Astronomer and mathematician, born in Harford, Maryland, USA. He became professor of mathematics at Delaware (1851) and at Indiana (1856). He explained the unequal distribution of asteroids in the asteroid belt as a result of the influence of Jupiter. These interruptions became known as Kirkwood gaps.
Born in Harford County, Maryland, he graduated in mathematics from the York County Academy in York, Pennsylvania in 1838. After teaching there for five years, he became Principal of the Lancaster High School in Lancaster, Pennsylvania, and after another five years he moved on to become Principal of the Pottsville Academy in Pottsville, Pennsylvania. In 1851 he became Professor of Mathematics at Delaware College and in 1856 Professor of Mathematics at Indiana University in Bloomington, Indiana, where he stayed till his retirement in 1886, with the exception of two years, 1865-1867, at Jefferson College in Canonsburg, Pennsylvania.

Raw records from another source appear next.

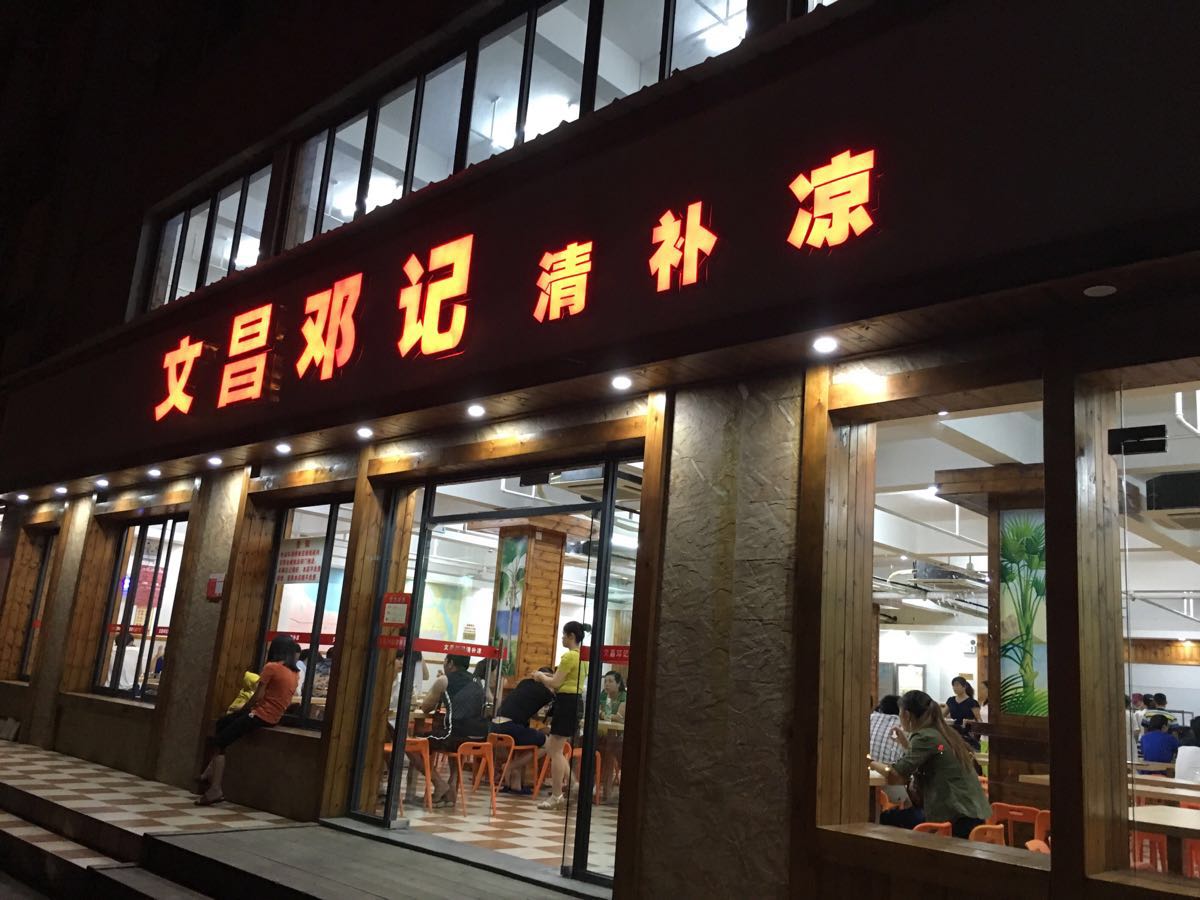 文昌邓记清补凉(南沙路店)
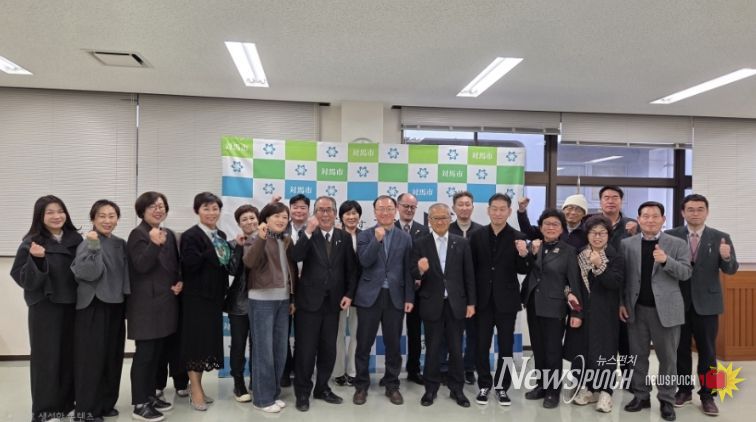 영도구-쓰시마시 교류 40주년, 영도구 쓰시마시 방문으로 민간·행정 교류 새 지평 열어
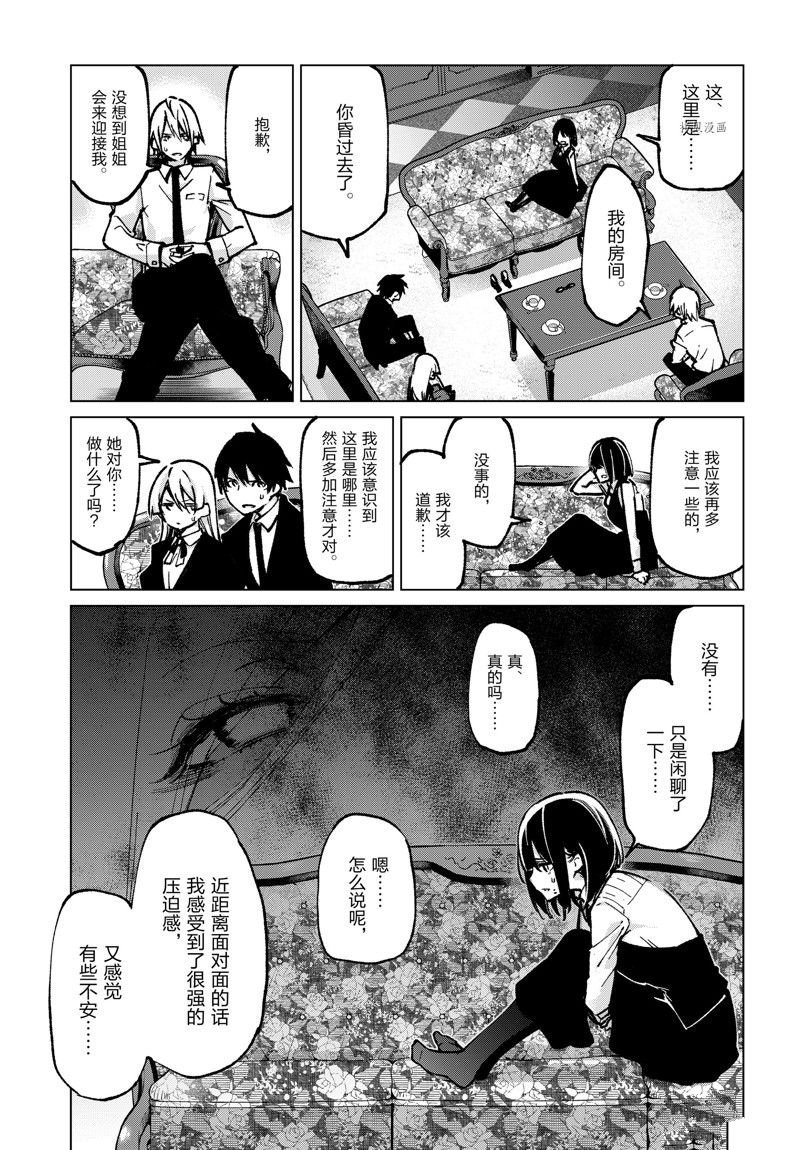 第66话 试看版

The most significant contribution of Daniel Kirkwood was his study in the orbits of the asteroids. In 1866 he published¹ the discovery of gaps in the distances of asteroids from the sun, named Kirkwood gaps in his honor.
Kirkwood also identified a pattern relating the distances of the planets to their rotation periods, which was called Kirkwood's Law. he was dubbed "the American Kepler" by Sears Cook Walker, who claimed that Kirkwood's Law proved the widely held Solar Nebula Theory.
In 1891, at age 77, he became a lecturer in astronomy at Stanford University. The asteroid 1951 AT was named 1578 Kirkwood in his honor and so was the lunar impact crater Kirkwood.
Kirkwood was probably a cousin of Iowa politician Samuel Jordan Kirkwood who became United States Secretary of the Interior under President James Garfield and President Chester A.